> [Task instructions]:
The required output holds only the lines from the one containing "ZĽAVA 15% Larimar" through the end of the material below, copied exactly, please, with no pictures.

> [Source material]:
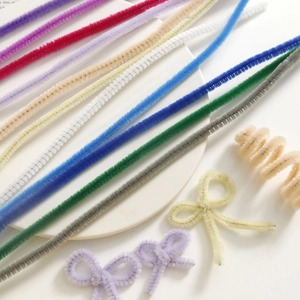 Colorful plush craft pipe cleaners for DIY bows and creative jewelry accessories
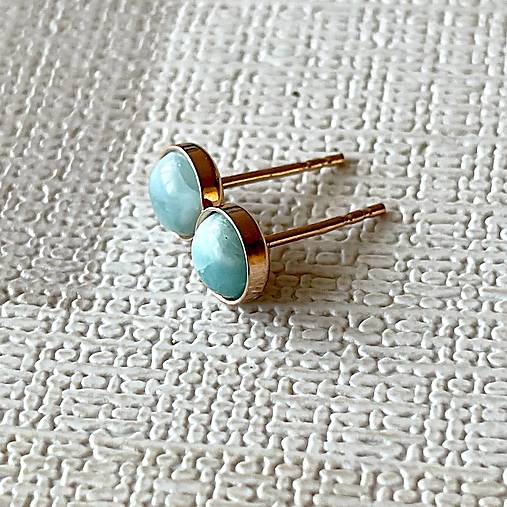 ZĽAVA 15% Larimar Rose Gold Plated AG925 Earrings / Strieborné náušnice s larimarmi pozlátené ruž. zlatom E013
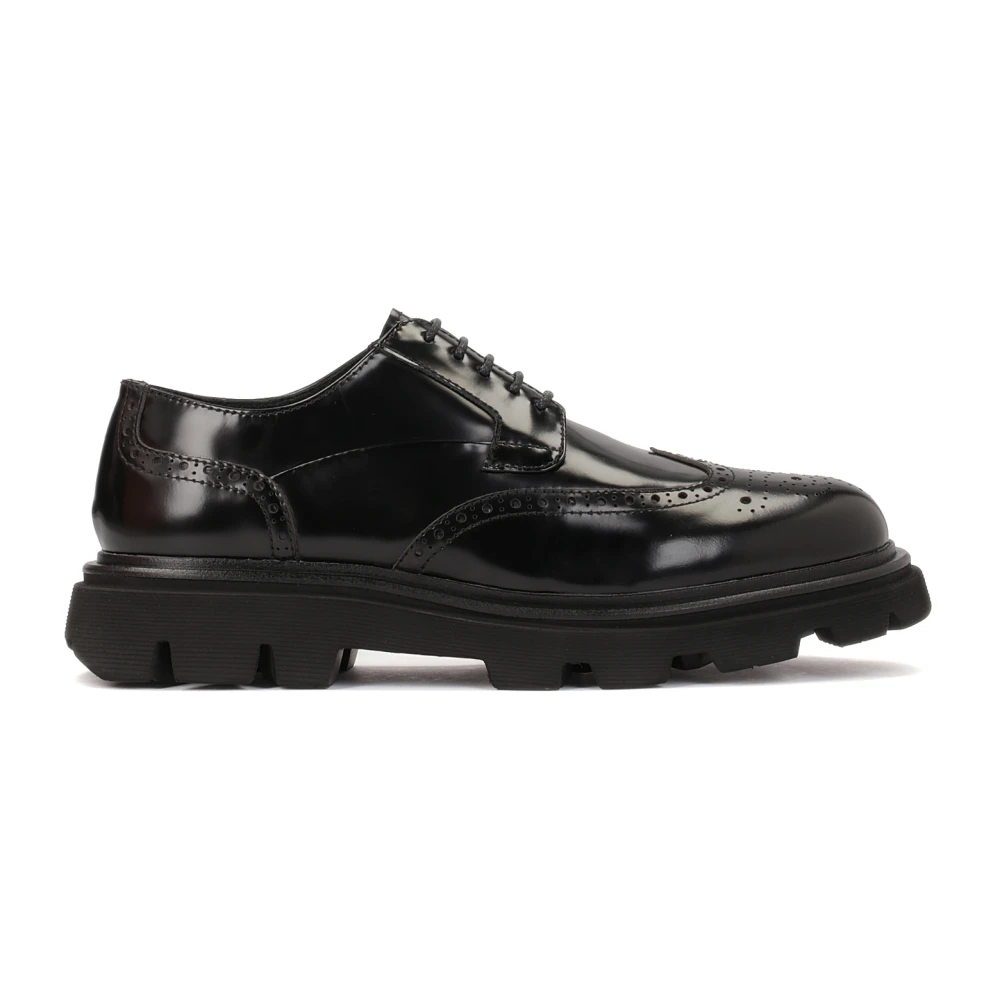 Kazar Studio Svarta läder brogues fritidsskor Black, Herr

> [Answer to this exercise]:
 ZĽAVA 15% Larimar Rose Gold Plated AG925 Earrings / Strieborné náušnice s larimarmi pozlátené ruž. zlatom E013
 Kazar Studio Svarta läder brogues fritidsskor Black, Herr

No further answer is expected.